Description of the task:
Once you find the line with "Датчик давления топлива" in the entries below, return exactly every line from it through the line with "2731 Sunset Highway, East".

Records to process:
* * *
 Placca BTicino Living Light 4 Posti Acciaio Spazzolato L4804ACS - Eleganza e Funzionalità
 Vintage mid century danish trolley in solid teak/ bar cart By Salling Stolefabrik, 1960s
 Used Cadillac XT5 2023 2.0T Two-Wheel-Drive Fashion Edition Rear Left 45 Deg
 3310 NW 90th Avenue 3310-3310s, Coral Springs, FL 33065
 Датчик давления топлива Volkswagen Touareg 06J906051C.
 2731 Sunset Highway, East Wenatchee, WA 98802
* * *
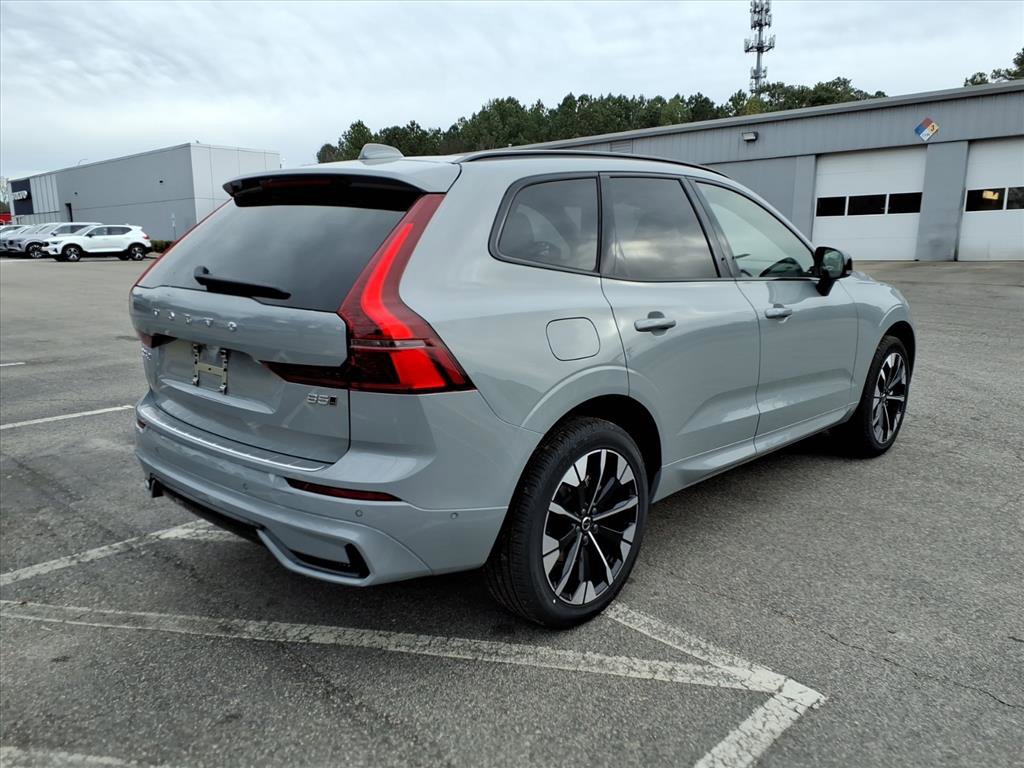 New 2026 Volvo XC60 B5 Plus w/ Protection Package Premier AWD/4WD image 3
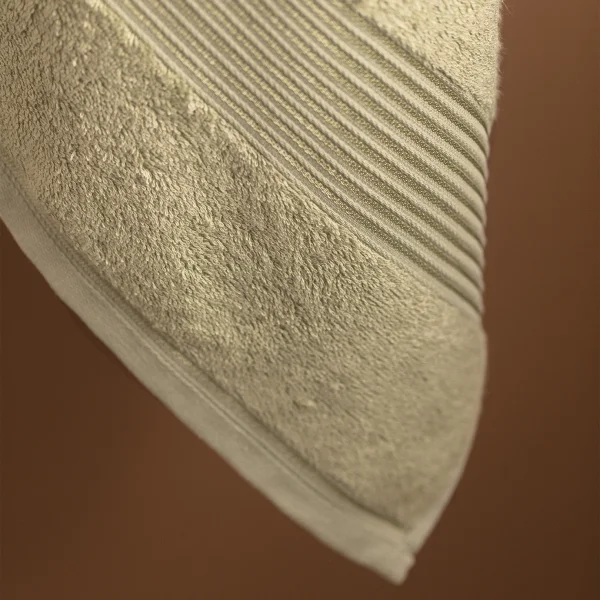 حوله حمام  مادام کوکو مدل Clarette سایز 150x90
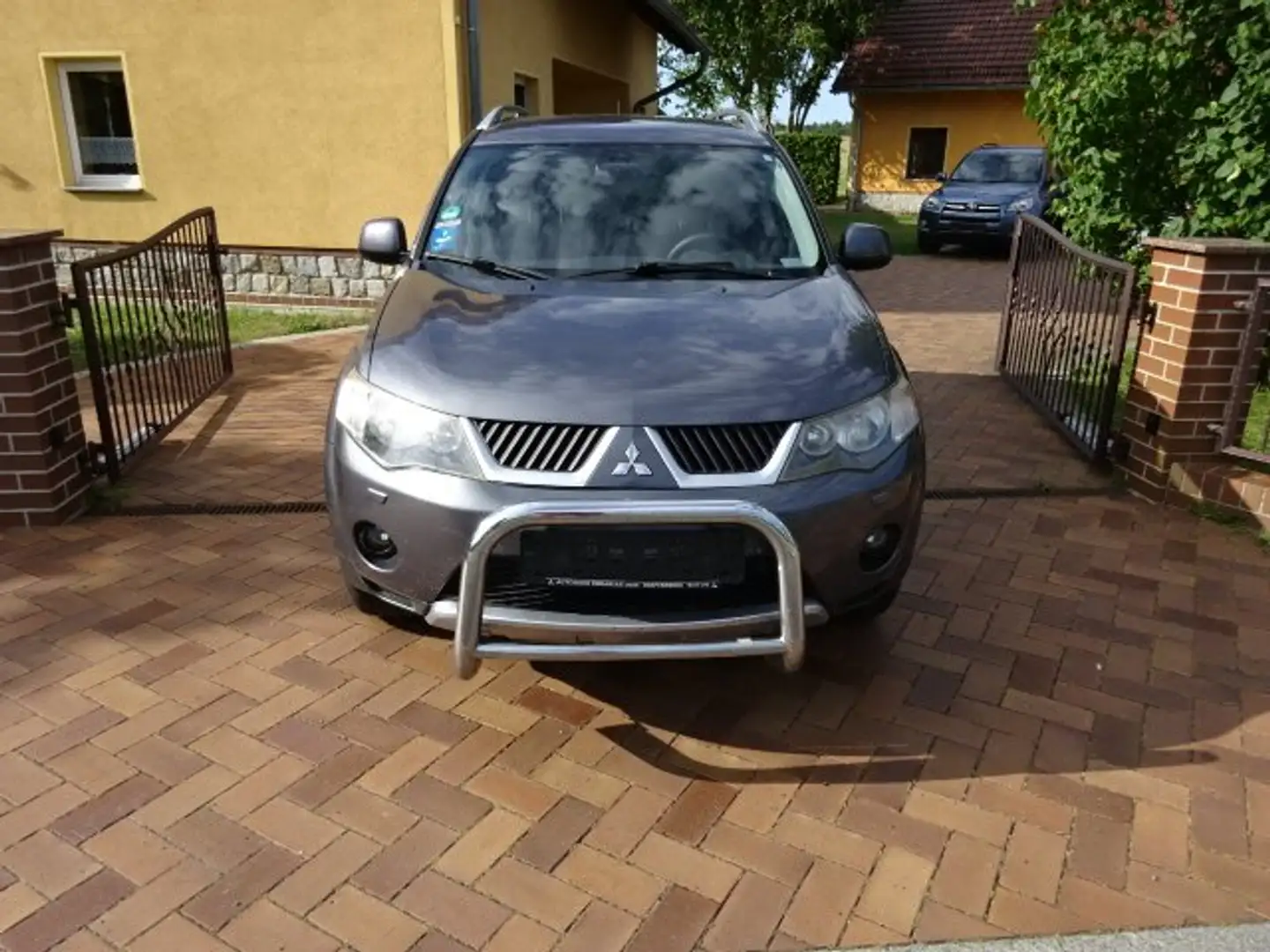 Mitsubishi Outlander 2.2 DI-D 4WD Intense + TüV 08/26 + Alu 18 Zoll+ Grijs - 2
* * *
Completed exercise:
 Датчик давления топлива Volkswagen Touareg 06J906051C.
 2731 Sunset Highway, East Wenatchee, WA 98802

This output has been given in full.